[Material for this exercise Boundary: Start]
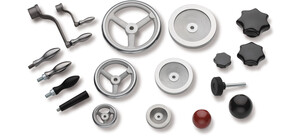 Eine Sammlung unterschiedlicher Bedienelemente wie Handräder, Griffe und Knöpfe in verschiedenen Formen und Materialien.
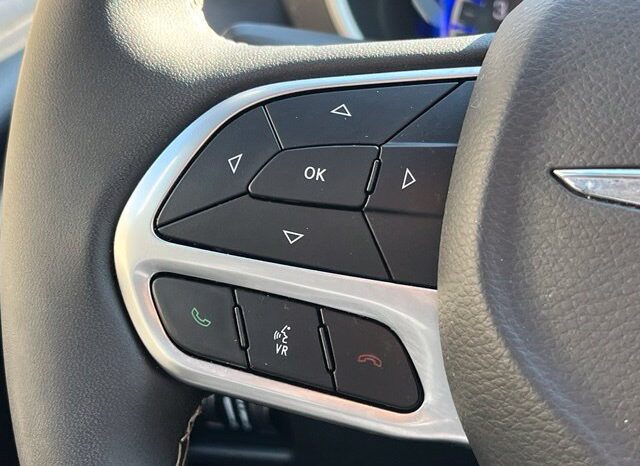 
								Chrysler Pacifica full									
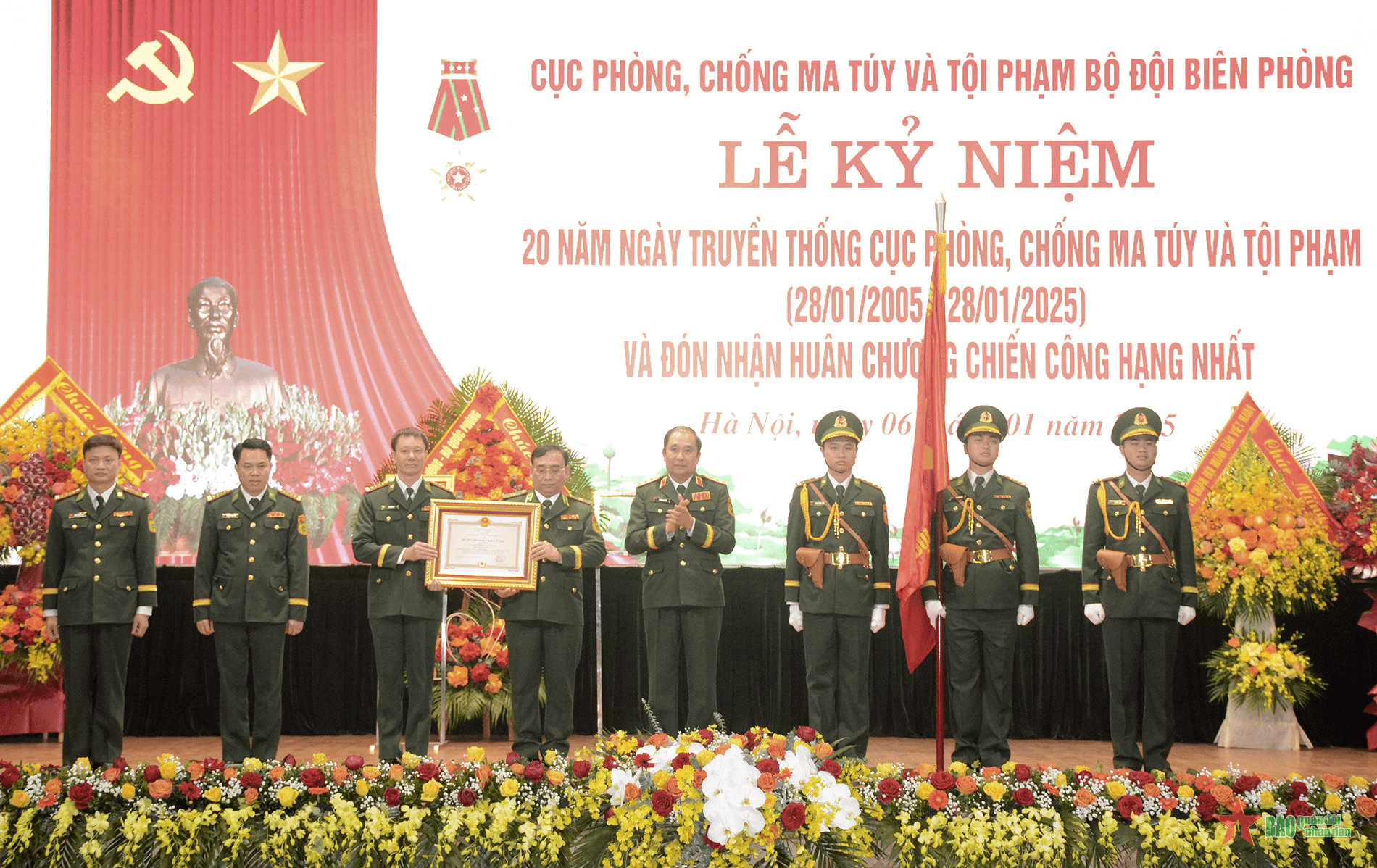Cục Phòng, chống ma túy và tội phạm Bộ đội Biên phòng đón nhận Huân chương Chiến công hạng nhất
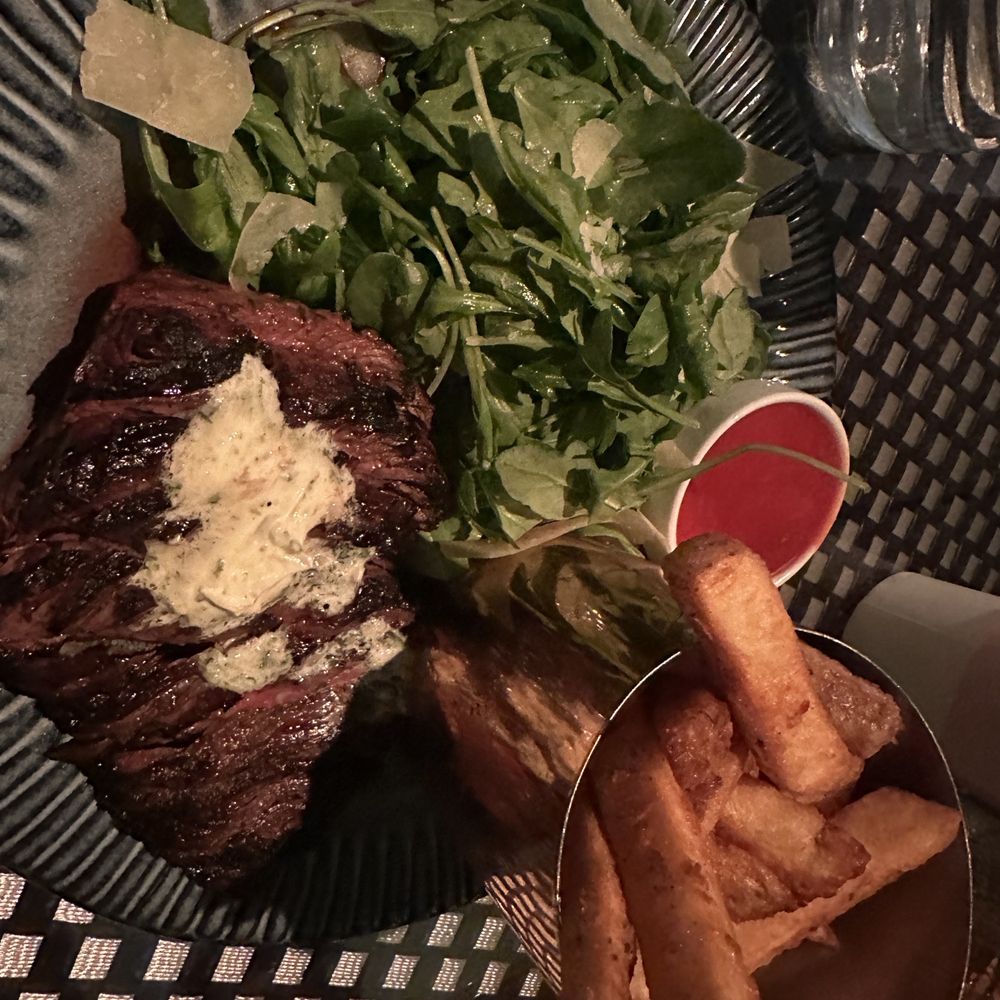 The Fed - Steak frittes - Pubs Near Me - Boston, Massachusetts The Fed - Steak frittes - Pubs Near Me - Boston, Massachusetts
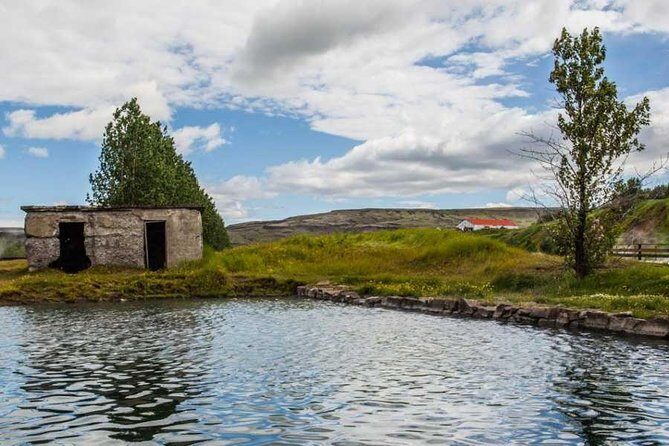 Private Golden Circle & Secret Lagoon tour from Reykjavik - Golden Circle plus Secret Lagoon: the vibe of this private day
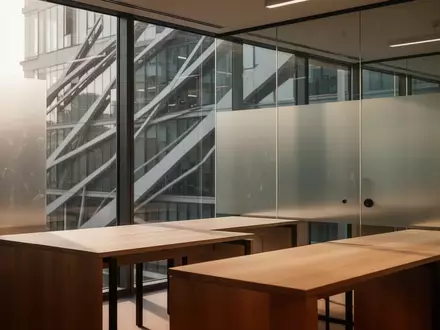 Ein minimalistisch gestalteter, leerer Arbeitsbereich in einem modernen Bürogebäude mit hellem Tageslicht. - Foto: über boerse-global.de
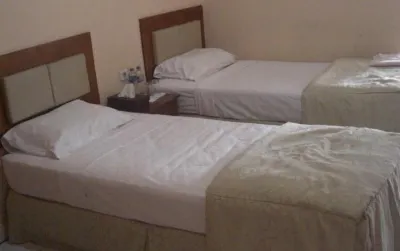 Hotel New Season Hotel dekat Gereja GKI Kasih Dok IX Atas
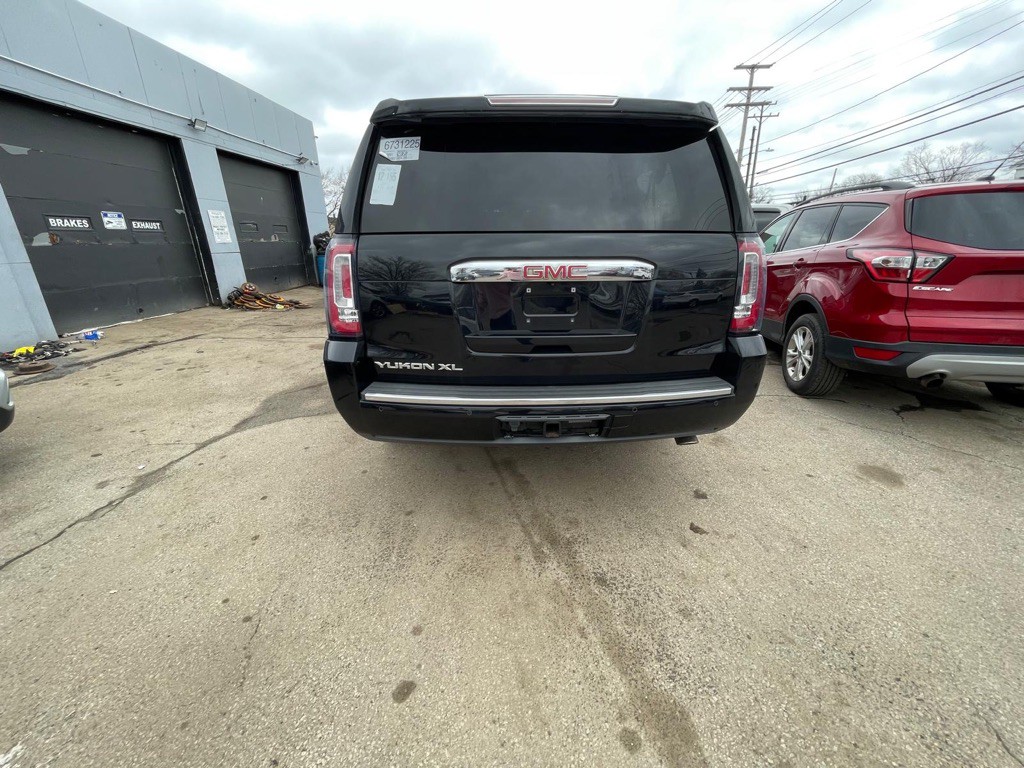 2017 GMC Yukon Image 3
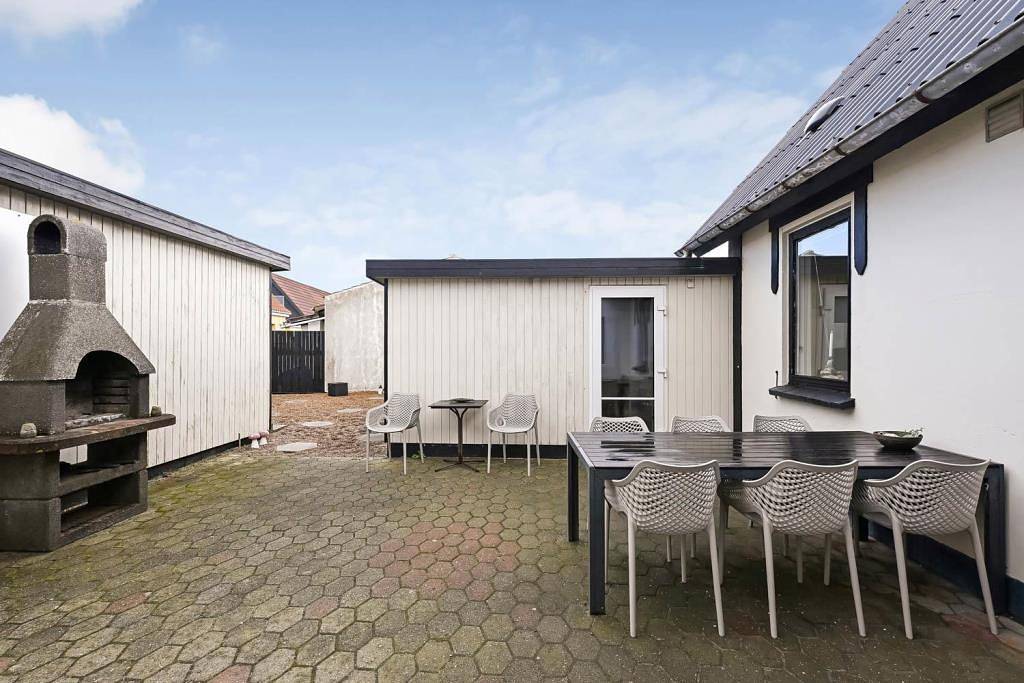1002 in Thyborøn, Limfjord in Westjütland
[Material for this exercise Boundary: End]
#### Requirement:
Would you please set down the data above again exactly, without its pictures?

#### Written response:
 Eine Sammlung unterschiedlicher Bedienelemente wie Handräder, Griffe und Knöpfe in verschiedenen Formen und Materialien.
								Chrysler Pacifica full									
Cục Phòng, chống ma túy và tội phạm Bộ đội Biên phòng đón nhận Huân chương Chiến công hạng nhất
 The Fed - Steak frittes - Pubs Near Me - Boston, Massachusetts The Fed - Steak frittes - Pubs Near Me - Boston, Massachusetts
 Private Golden Circle & Secret Lagoon tour from Reykjavik - Golden Circle plus Secret Lagoon: the vibe of this private day
 Ein minimalistisch gestalteter, leerer Arbeitsbereich in einem modernen Bürogebäude mit hellem Tageslicht. - Foto: über boerse-global.de
 Hotel New Season Hotel dekat Gereja GKI Kasih Dok IX Atas
 2017 GMC Yukon Image 3
1002 in Thyborøn, Limfjord in Westjütland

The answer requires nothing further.